## Problem to work on
Each and every line below goes into your answer unchanged, but leave out the images.

## Provided material

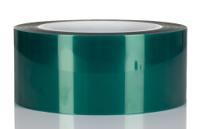 8992-50mmx66m 3M 8992 Green Masking Tape 50mm x 66m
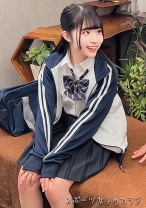M陸上選手 - 俺の素人-Z- - 230OREMO-312 - 素人AV女優判定AI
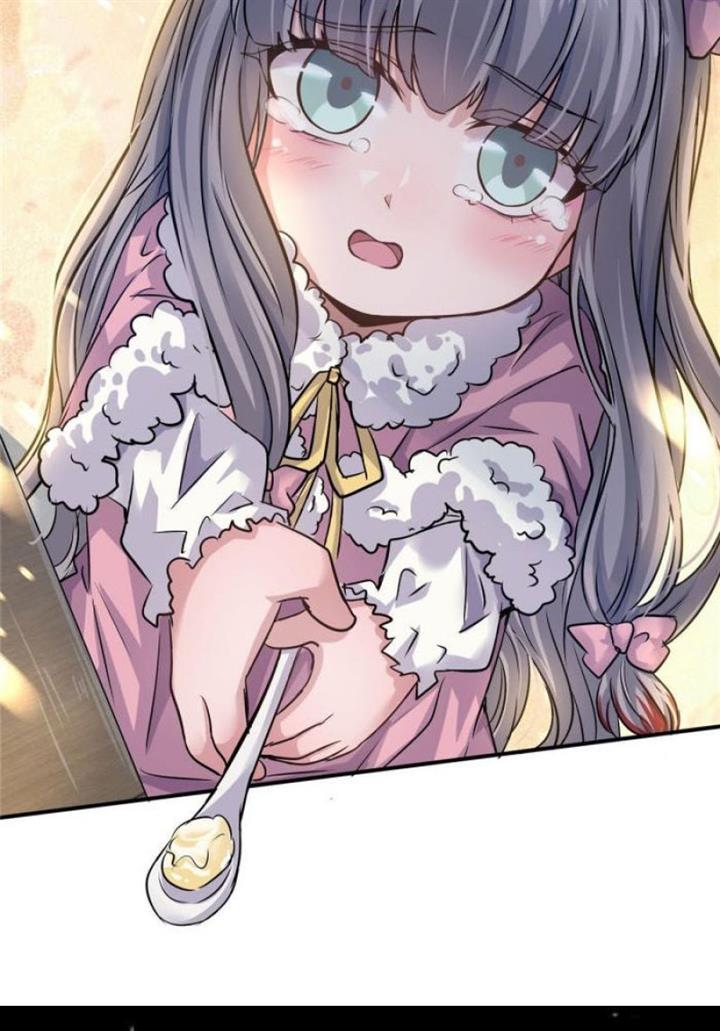 the-king-is-back - Chapter: 24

## Answer to this task
 8992-50mmx66m 3M 8992 Green Masking Tape 50mm x 66m
M陸上選手 - 俺の素人-Z- - 230OREMO-312 - 素人AV女優判定AI
 the-king-is-back - Chapter: 24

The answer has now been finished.